ハイエンドオーディオ考(その8)
ハイエンドオーディオについて考える時、時を遡ると思い出すのが、
DBシステムズのデビュー作であるコントロールアンプDB1+DB2のことだ。
DB1がコントロールアンプ本体、DB2は外部電源。
続けてトーンコントロールのDB5、パワーアンプのDB6が登場したが、
私のなかでいまも印象深いという以上に、
この時代のアメリカのオーディオ・シーンをふり返る時、DB1+DB2は無視できない。
DBシステムズはハイエンドオーディオといえたのか。
私は、そうだと思っている。
DB1+DB2は決して高価なアンプではなかった。
1978年、DB1+DB2h212,000円。
同価格帯のアメリカのコントロールアンプには、
AGIのModel 511(260,000円)、AEAのAnalogue 520(298,000円)などがあった。

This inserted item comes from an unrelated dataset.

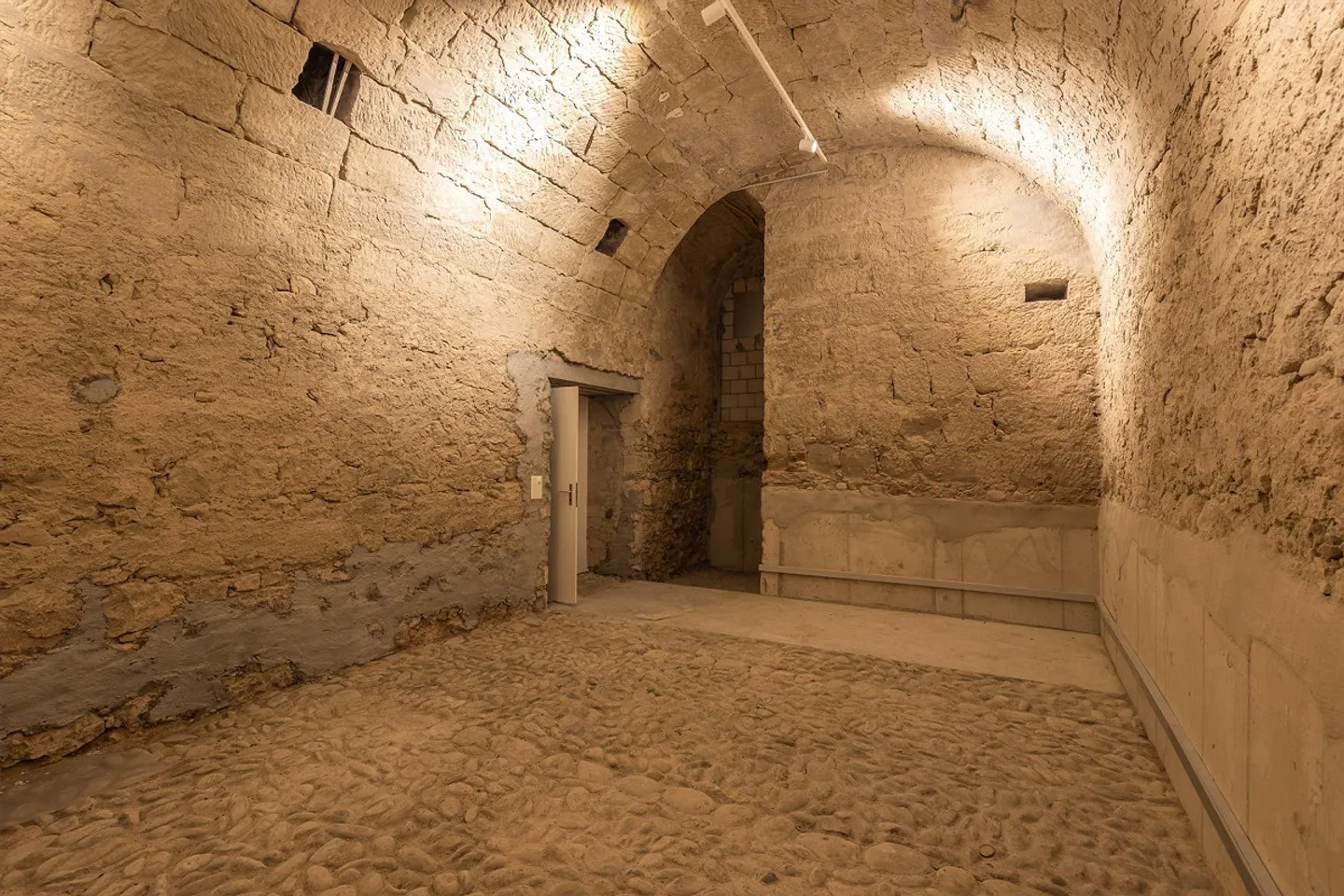 Historic Vaulted Cellar / Storage Room from 1680 for Rent - Photo 10 of 11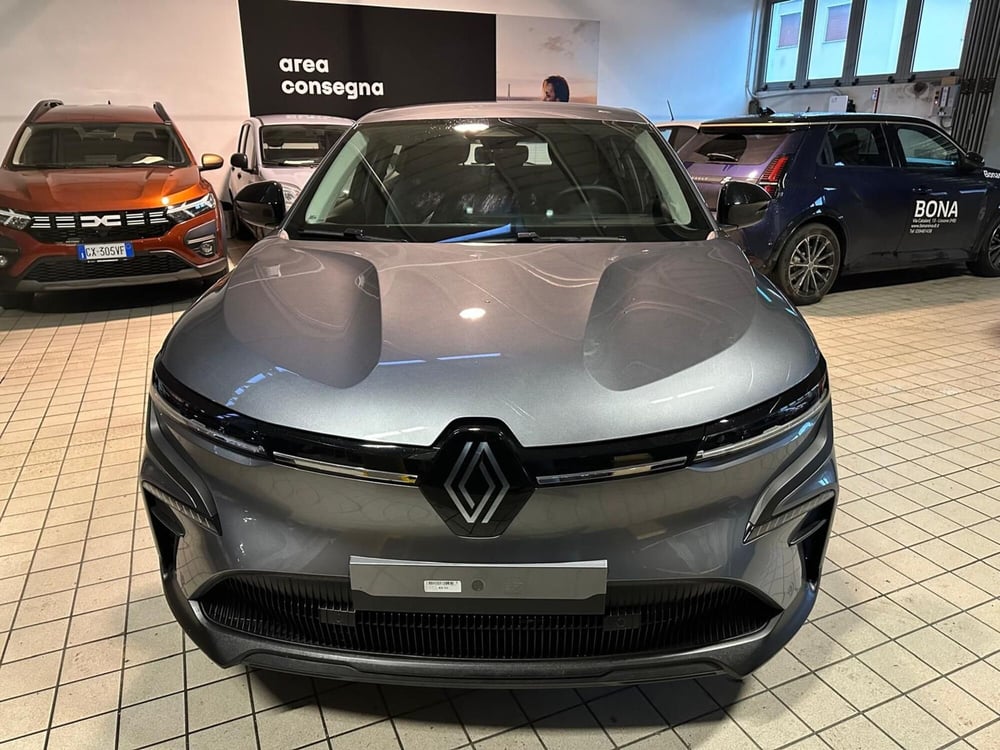 Renault Megane E-Tech Electric nuova a Monza e Brianza (2)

これらの中でDBシステムズのつくりは、もっとも実質本位といえる。
いいかえれば、徹底的にコストをかけないつくりである。
DB1の外形寸法はW16.0×H8.1×D10.7cmで、重量は1.0kg。
小型というだけでなく、そっけない外観で、おそらくツマミは既製品だろうし、
リアパネルはRCAジャックをハンダ付けしたガラスエポキシ基板がそのまま使われている。
多くのアンプのようにリアパネルが金属で、そこに端子が取りつけられているわけではない。
内部を見ても、メインのプリント基板が一枚あって、
この基板にアンプ部の部品を含めて、
入力セレクターやレベルコントロールの部品もハンダ付けされていて、
内部配線材は見当たらない。
AGIのModel 511も合理化した内部だが、それでも内部配線材は少しとはいえ使われていた。
DB1+DB2のつくりは素っ気ないとかドライとか、そういえるけれど、
ある目的をもってのつくりだと理解すれば、このこともまた魅力とうつる。